Amazingly enough, despite the appeal of that magic twelve-word formula, Couéism did not really take hold in America, and was a short-lived fad. While today the man would probably be elevated to cult-hero status in the U.S. – and his ideas certainly live on in many forms – Americans weren’t quite so enamored of magical thinking in the early 1920s. Of course we've always been gullible in plenty of other ways; had this not been the case, Paul Sann would not have been able to fill up a large book documenting our follies (360-plus pages, oversized (85/8 x 111/8), set in double columns in 10-point Baskerville type).

But Coué, with his sophisticated notions of autosuggestion, faced much the same problem that Michael J. Fox’s character, Marty McFly, encountered in Back To The Future, when he launched into a cacophonous guitar riff at a 1955 sock hop. When Michael-as-Marty’s musical efforts were met by stunned silence, he conceded, "I guess you guys aren’t quite ready for that. But your kids are gonna LOVE it." Similarly, Americans in the early ’20s weren’t quite ready to embrace the true power of thought. Give them another thirty years, though, and they were more than ready for Norman Vincent Peale. Give them another fifty years after ol' Norm came out with his classic, and they were perfectly primed for The Secret. Coué would have probably been one of the top "stars" on Rhonda’s infomercial.

Alas, poor Coué did not have the advantage of Marty McFly’s time-traveling perspective, and in due time he went back to the Continent, where, despite any autosuggestion or other techniques he may have tried, he died in 1926 of heart failure (some sources say pneumonia was the culprit). As Paul Sann noted, "One of the obituary writers summed up the story of Couéism in fifteen words: ‘It was conquered less by the scientists than by the demand for a new fad.’"

And that is as true today as it always has been. When The Secret eventually falls out of favor – which I’m sure will eventually happen despite the increasingly absurd Secret spinoffs that continue to be churned out – it will be due less to the efforts of scientists, skeptics and random critics than to the public’s short attention span, and their hunger for ever newer and more exciting "breakthroughs." The big difference is that today there are a heck of a lot more exciting breakthroughs to choose from. And the bar has definitely been raised, miracle-wise (Paul Sann would have a field day, don’t you think?)although even today, some folks are still recommending some variation of Coué's "magic words."

Day by day, in every way, the New-Wage world keeps getting sillier and sillier. I can’t wait to see what’s next.

PS added on Monday afternoon ~ Regarding one of the latest Secret-related gimmicks that allows you to actually "install" The Secret, my buddy Blair Warren wrote, "Soon they'll make it so easy for us that we'll be able to inject it, inhale it, add it to drinking water like a fiber supplement, etc. I'm sure someone...will offer to install it in people remotely, over the phone or via an e-mail request."

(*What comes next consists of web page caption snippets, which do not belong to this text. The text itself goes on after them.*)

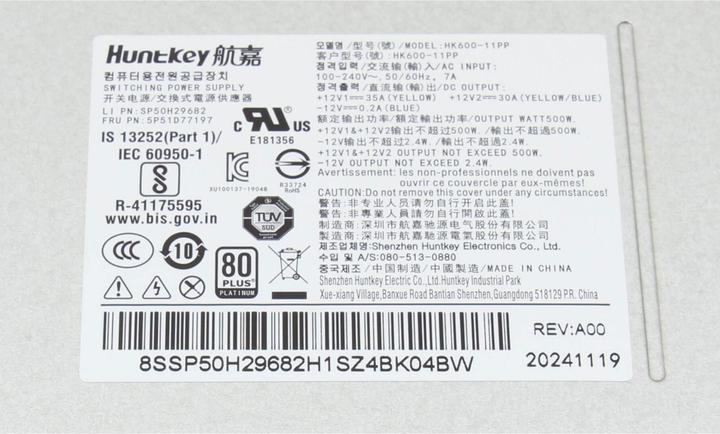 Actual product image Lenovo SP50H29598 (500 W)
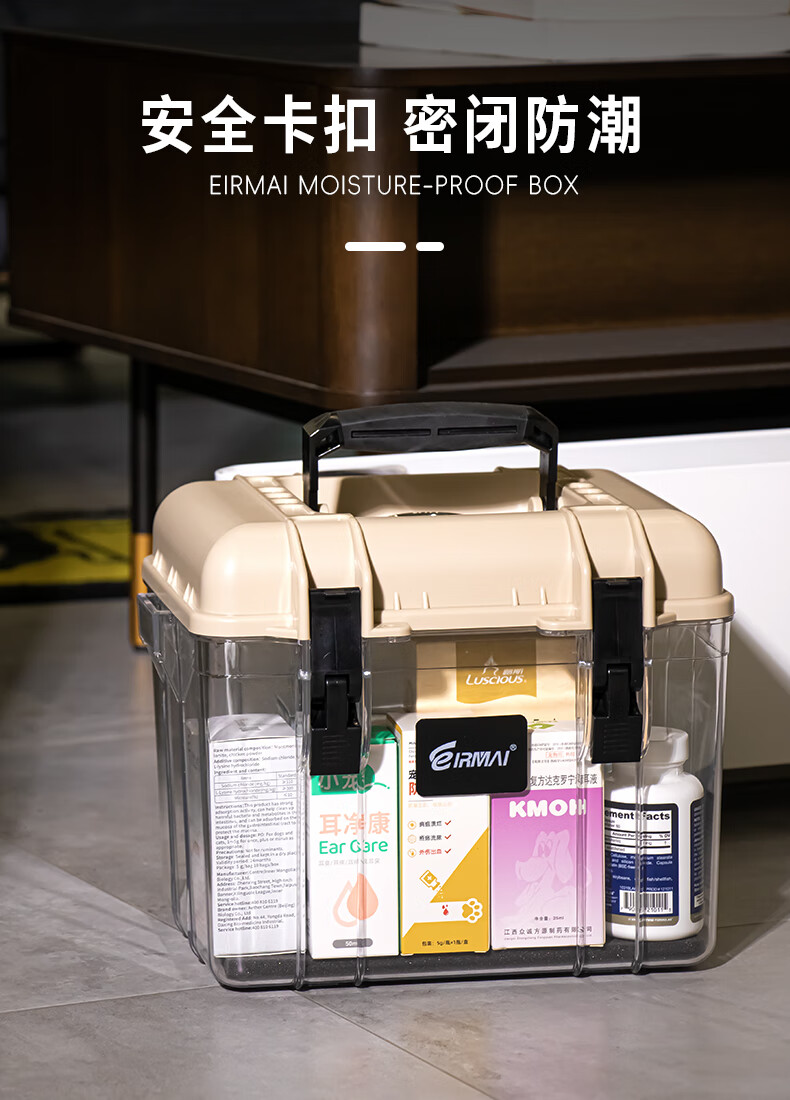 EIRMAI R25-Y DSLR Camera Dry Box Moisture-Proof Cabinet Plastic Case Sealed Lens Tea Electronic Box Large Size Portable with Built-In Moisture-Absorbing Card Desert Yellow 4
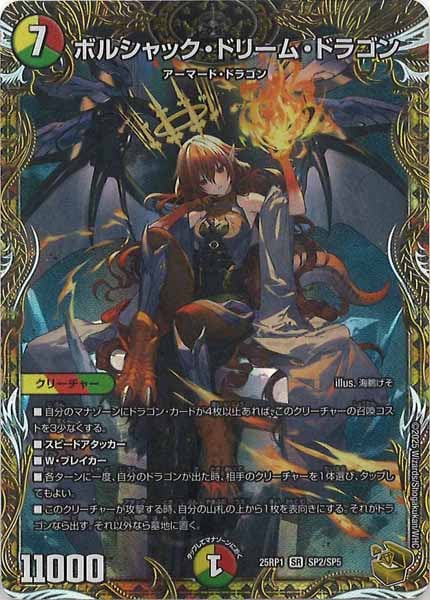 ボルシャック・ドリーム・ドラゴン 金トレジャー く*ん様 psa10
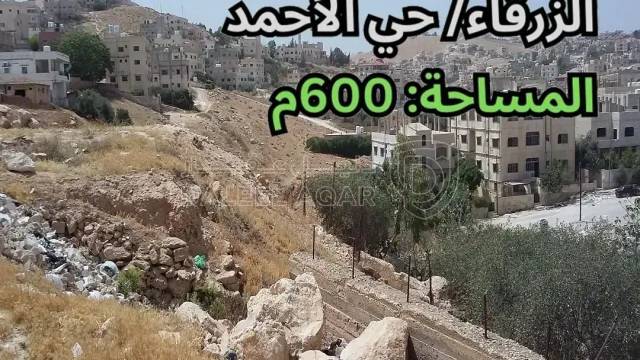 أرض - الزرقاء/ حي الأحمد - قرب مسجد حي الأحمد - 60000 دأ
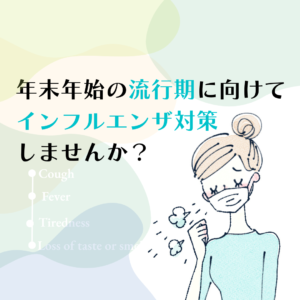 インフルエンザ予防接種のご案内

Recognizing, however, that some folks may have swallowed a bit too much Secret, and they might be feeling a bit clogged-up as a result, Blair added, "Maybe we should come out with our own Secret enema? I think there are a lot of people who could use one right about now."

"Fine, Blair," I wrote back. "You create the graphic for that one."

And he did (though fortunately, he chose not to depict the product actually being put to use. Good thing, too, since this is not that kind of blog.).